Eddard awakes to the sound of Lannister guardsmen drilling with Sandor in the yard below. He takes breakfast with Septa Mordane, Arya, and Sansa. Arya asks to have one more lesson with Syrio before leaving, and Eddard gives his assent. Pycelle comes in after breakfast to report that Robert is dead, and Eddard has him convene the small council in Eddard’s solar. Ser Barristan arrives first, followed by Petyr, who says all arrangements are made, and then Varys. Varys reports that Renly and Loras left for the south early in the morning. Eddard has Ser Barristan read Robert’s will and asks to be confirmed in his role as lord protector. Just then, Tomard arrives with the king’s steward, who asks that the small council attend Joffrey.

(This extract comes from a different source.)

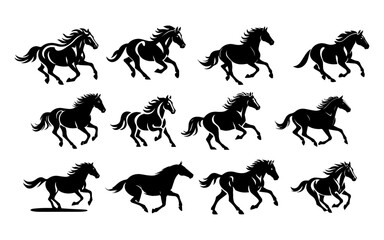 Set of Black Silhouette Running Horses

Eddard, the council, Tomard, and eight members of Eddard’s guard walk to the throne room. Janos Slynt meets the council at the door and escorts them in. Joffrey sits on the throne with Tommen, Myrcella, and Cersei at the base. Ser Mandon, Ser Meryn, Ser Arys, Ser Boros and Ser Preston are arrayed at the base of the throne in full armor. Sandor also guards the prince. Twenty Lannister guardsmen stand behind the throne and city watchmen are arrayed along both walls. Joffrey asks for the fealty of the council, and Eddard produces the king’s letter. Cersei rips it in half and tells Eddard that if he swears fealty he will be allowed to go back to the North and live in peace. Instead, Eddard denies Joffrey’s claim to the throne and declares Stannis to be the true heir. Cersei orders Ser Barristan to seize him, and Eddard orders the City Watch to take Cersei into custody. Instead, they turn on Eddard’s men, killing all of them, including Tomard, Varly and Cayn. Petyr unsheathes Eddard’s dagger and places it at his throat.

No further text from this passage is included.